#### [REQUIRED ACTION]
Skip the pictures. Give all the data again exactly.

#### [STORED DATA]

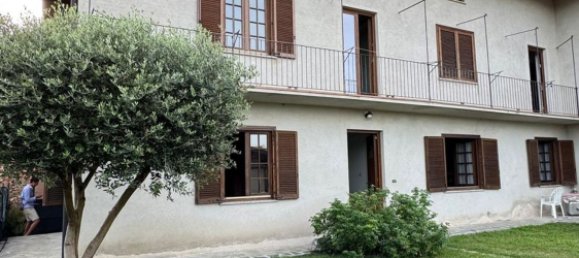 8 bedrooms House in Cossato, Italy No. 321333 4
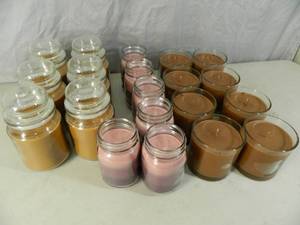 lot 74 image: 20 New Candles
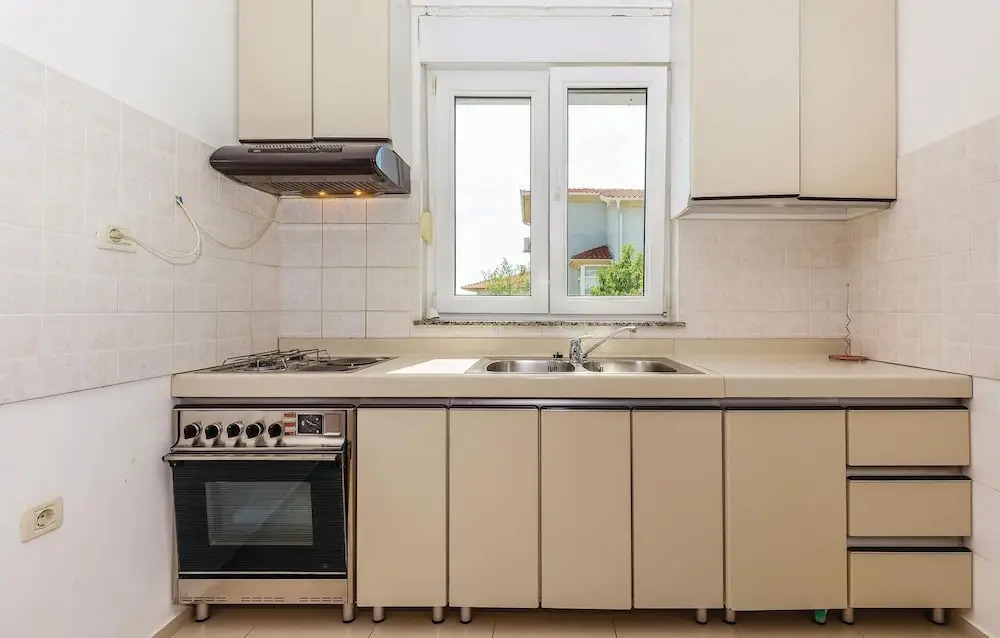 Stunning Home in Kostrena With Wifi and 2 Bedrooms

#### [EXERCISE OUTPUT]
 8 bedrooms House in Cossato, Italy No. 321333 4
 lot 74 image: 20 New Candles
 Stunning Home in Kostrena With Wifi and 2 Bedrooms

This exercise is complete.